I met only one person in Bhutan who felt bold enough to discuss this feudal legacy with me, a government official of unusual eloquence. The most disturbing thing about the situation, he said, was not that the government made the people’s minds up for them but rather that the people seemed to want it so. Released from serfdom only thirty years before, the masses still seemed happy to have their civil servants do their living for them. And the government did everything possible to encourage this dependency, even going so far as to provide “Etiquette Training” for government officials to remind them that they must, when meeting the king, perform a full three-part prostration, as if in the presence of a temple.

The same kind of anxious authoritarianism was evident, I felt, in the government’s handling of the outside world.
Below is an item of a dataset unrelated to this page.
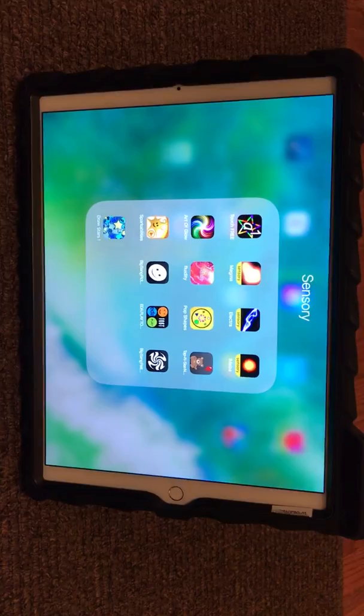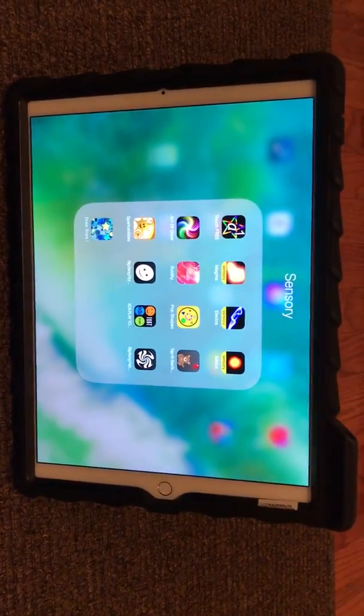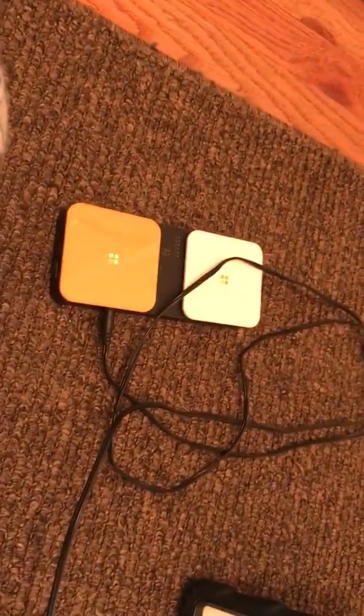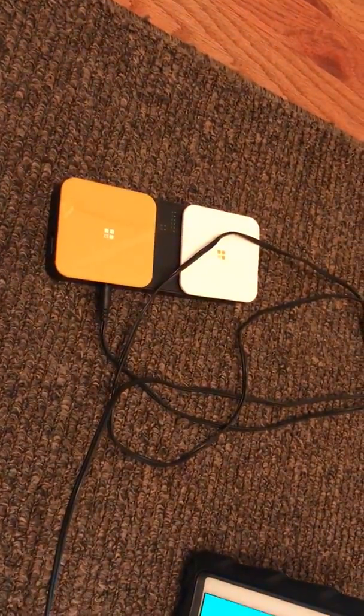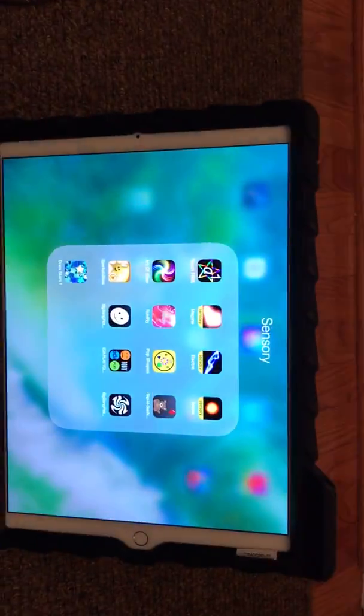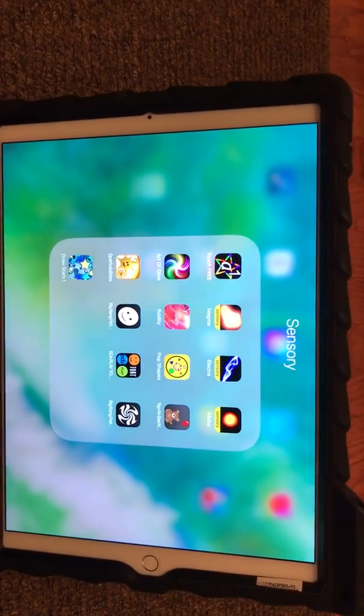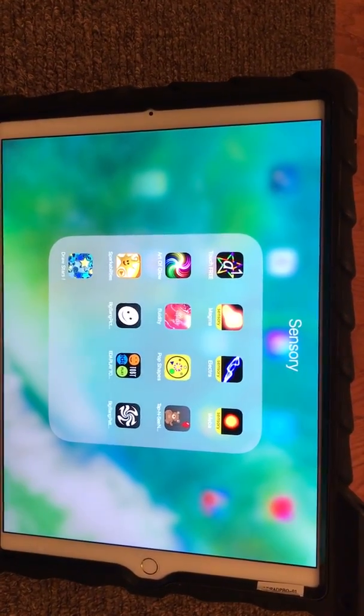There's some different settings that will allow you to change that and customize it for whatever you'd like. And that's how you're going to be using your Bluetooth switch to activate an app on the iPad.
Bhutan, of course, has a long and distinguished tradition of standoffishness. As early as 1838, officers of the never-colonized country were
bastinadoing residents who got too close to foreigners; and when the British threatened the Bhutanese with vengeance (for whisking off cattle, and sometimes British subjects, from across the border), the Dragon Ruler responded by simply threatening the British with a divine force of twelve angry gods, who were, he added, “very ferocious ghosts.”

(Some of this, no doubt, must be taken with a pinch of salt—or barley meal, at least. When Sir Ashley Eden pronounced the Bhutanese to be “immoral and indecent in their habits to an extent which almost surpassed belief,” he may have been airing a largely private grievance. According to a British clergyman, writing in the July 1898
Calcutta Review
, in the course of Sir Ashley’s 1863 visit, one Bhutanese “took a large piece of wet barley meal out of his tea-cup and, with a roar of laughter, rubbed the paste all about Mr. Eden’s face. He then pulled his hair, slapped him on the back, and indulged in several disagreeable practical jokes.”)

Yet even allowing for peeved exaggeration, Bhutan had long shown a singular gift for keeping the world at arm’s length. And even now, with great civility and customary efficiency, the Bhutanese had foreigners exactly where they wanted them: the foreign advisers were accommodated in the twenty-dollar-a-night hotels downtown, while tourists “in the package form” were sequestered in remote hilltop hotels, an hour’s walk from the locals, paying $250 a night. Protecting the country’s culture was one reason for continuing the policy. But there seemed to be another. For by now, Bhutan’s cachet lies primarily in its remoteness: people want to visit it precisely because most people cannot visit it. Bhutan is a beautiful and peaceful and magical land, but so, too, are many of the areas around the Himalayas; and those who want to explore the mountains can do so with more convenience and comfort, at literally one-tenth the price, in Nepal, while those who are drawn to Tibetan Buddhism can
now go straight to the source—Tibet—or to the high lunar spaces of Ladakh. What attracts foreigners to Bhutan is mostly the fact that, as the travel brochure says, it is “one of the most exclusive and rare destinations for any tourist.” And Bhutan guards its chastity with an iron lock. If the Hidden Kingdom were to open up to the world, there might be not only cultural but economic loss.